AMERICAN MATHEMATICS COMPETITION 10 A - 2018
Problem 1
What is the value of
$$
\left(\left((2+1)^{-1}+1\right)^{-1}+1\right)^{-1}+1 ?
$$
(A) $\frac{5}{8}$
(B) $\frac{11}{7}$
(C) $\frac{8}{5}$
(D) $\frac{18}{11}$
(E) $\frac{15}{8}$
Answer:
(B) $\frac{11}{7}$
Problem 2
Liliane has $50 \%$ more soda than Jacqueline, and Alice has $25 \%$ more soda than Jacqueline. What is the relationship between the amounts of soda that Liliane and Alica have?
(A) Liliane has $20 \%$ more soda than Alice. (B) Liliane has $25 \%$ more soda than Alice.
(C) Liliane has $45 \%$ more soda than Alice. (D) Liliane has $75 \%$ more soda than Alice.
(E) Liliane has $100 \%$ more soda than Alice.
Answer:
(A) Liliane has $20 \%$ more soda than Alice.
Problem 3
A unit of blood expires after $10!=10 \cdot 9 \cdot 8 \cdots 1$ seconds. Yasin donates a unit of blood at noon of January 1. On what day does his unit of blood expire?
(A) January 2
(B) January 12
(C) January 22
(D) Febuary 11
(E) Febuary 12
Answer:
(E) Febuary 12
Problem 4
How many ways can a student schedule 3 mathematics courses - algebra, geometry, and number theory - in a 6 -period day if no two mathematics courses can be taken in consecutive periods? (What courses the student takes during the other 3 periods is of no concern here.)
(A) 3
(B) 6
(C) 12
(D) 18
(E) 24
Answer:
(E) 24
Problem 5
Alice, Bob, and Charlie were on a hike and were wondering how far away the nearest town was. When Alice said, "We are at least 6 miles away," Bob replied, "We are at most 5 miles away." Charlie then remarked, "Actually the nearest town is at most 4 miles away." It turned out that none of the three statements were true.
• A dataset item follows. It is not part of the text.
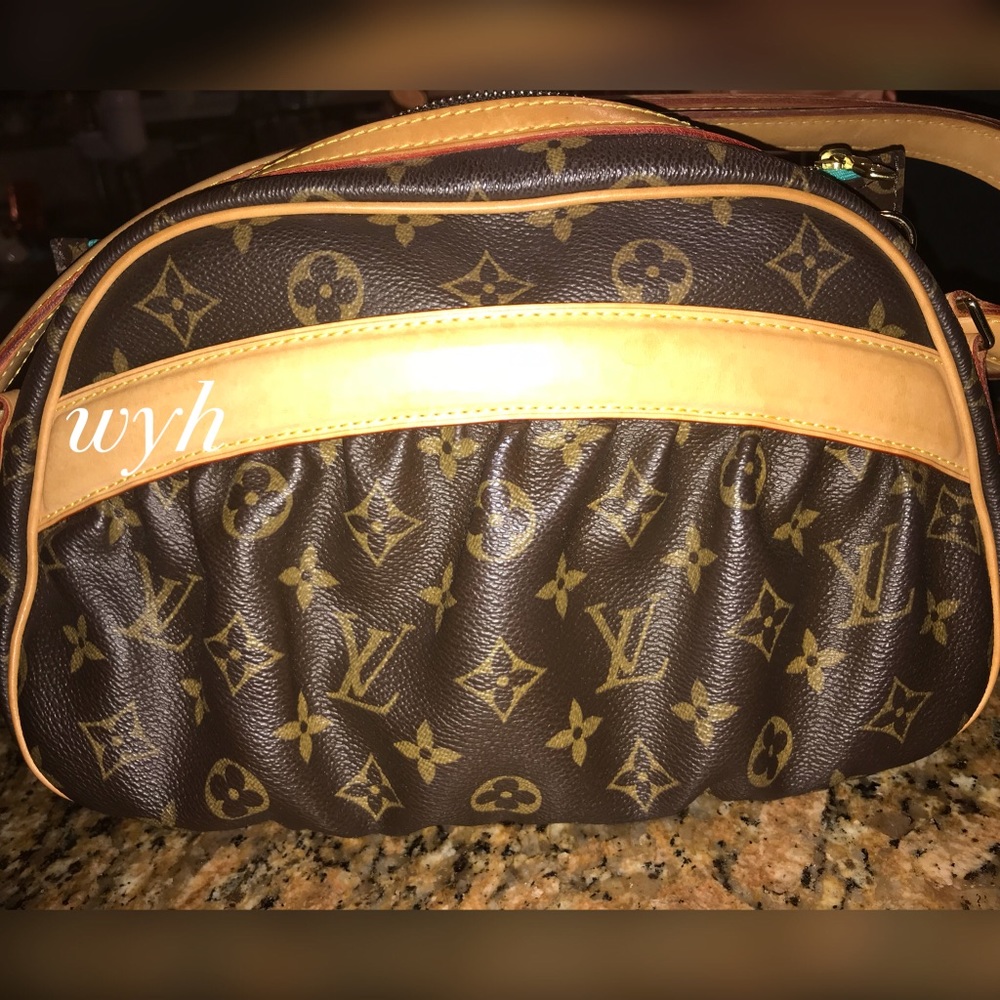 100% Louis Vuitton Klara Handbag Great Condition!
Let $d$ be the distance in miles to the nearest town. Which of the following intervals is the set of all possible values of $d$ ?
(A) $(0,4)$
(B) $(4,5)$
(C) $(4,6)$
(D) $(5,6)$
(E) $(5, \infty)$
Answer:
(D) $(5,6)$
Problem 6
Sangho uploaded a video to a website where viewers can vote that they like or dislike a video. Each video begins with a score of 0 , and the score increases by 1 for each like vote and decreases by 1 for each dislike vote. At one point Sangho saw that his video had a score of 90 , and that $65 \%$ of the votes cast on his video were like votes. How many votes had been cast on Sangho's video at that point?
(A) 200
(B) 300
(C) 400
(D) 500
(E) 600
Answer:
(B) 300
Problem 7
For how many (not necessarily positive) integer values of $n$ is the value of $4000 \cdot\left(\frac{2}{5}\right)^{n}$ an integer?
(A) 3
(B) 4
(C) 6
(D) 8
(E) 9
Answer:
(E) 9
Problem 8
Joe has a collection of 23 coins, consisting of 5 -cent coins, 10 -cent coins, and 25 -cent coins. He has 3 more 10 -cent coins than 5 -cent coins, and the total value of his collection is 320 cents. How many more 25 -cent coins does Joe have than 5 -cent coins?
(A) 0
(B) 1
(C) 2
(D) 3
(E) 4
Answer:
(C) 2
Problem 9
All of the triangles in the diagram below are similar to iscoceles triangle $A B C$, in which $A B=A C$. Each of the 7 smallest triangles has area 1, and $\triangle A B C$ has area 40 . What is the area of trapezoid $D B C E$ ?
(A) 16
(B) 18
(C) 20
(D) 22
(E) 24
Answer:
(E) 24
Problem 10
Suppose that real number $x$ satisfies
$$
\sqrt{49-x^{2}}-\sqrt{25-x^{2}}=3 .
$$
What is the value of $\sqrt{49-x^{2}}+\sqrt{25-x^{2}}$ ?
(A) 8
(B) $\sqrt{33}+8$
(C) 9
(D) $2 \sqrt{10}+4$
(E) 12
Answer:
(A) 8
Problem 11
When 7 fair standard 6 -sided dice are thrown, the probability that the sum of the numbers on the top faces is 10 can be written as
$$
\frac{n}{6^{7}},
$$
where $n$ is a positive integer. What is $n$ ?
(A) 42
(B) 49
(C) 56
(D) 63
(E) 84
Answer:
(E) 84
Problem 12
How many ordered pairs of real numbers $(x, y)$ satisfy the following system of equations?
$$
\begin{array}{r}
x+3 y=3 \
||x|-|y||=1
\end{array}
$$
(A) 1
(B) 2
(C) 3
(D) 4
(E) 8
Answer:
(C) 3
Problem 13
A paper triangle with sides of lengths 3,4 , and 5 inches, as shown, is folded so that point $A$ falls on point $B$. What is the length in inches of the crease?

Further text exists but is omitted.